### Work required
Reproduce the listing word for word, leaving every picture behind.

————

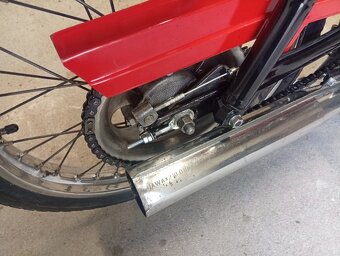 Babeta 210 prodám červené barvy nový model - 11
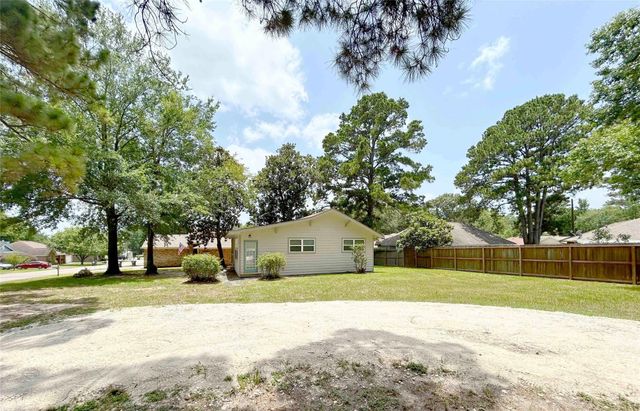 15095 Conroe Bay Boulevard, Willis, TX 77318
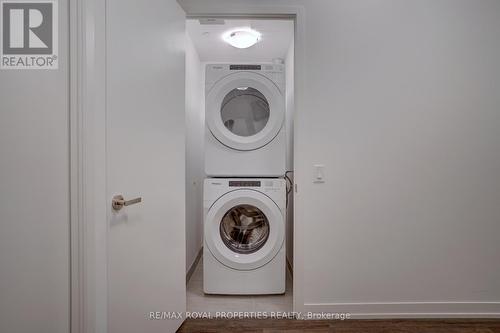 117-B - 3 Rosewater Street, Richmond Hill, ON - Indoor Photo Showing Laundry Room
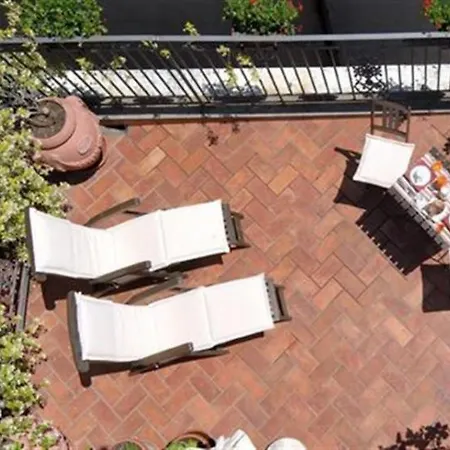 Residenza Del Duca Rooms&Apartments-2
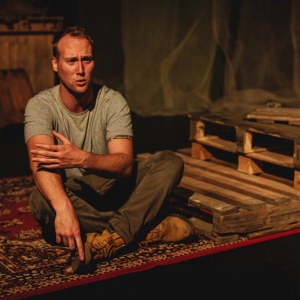 ​Award-Winning Australian Solo Show BORDERLESS To Have US Premiere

————

### Answer space
 Babeta 210 prodám červené barvy nový model - 11
 15095 Conroe Bay Boulevard, Willis, TX 77318
 117-B - 3 Rosewater Street, Richmond Hill, ON - Indoor Photo Showing Laundry Room
 Residenza Del Duca Rooms&Apartments-2
 ​Award-Winning Australian Solo Show BORDERLESS To Have US Premiere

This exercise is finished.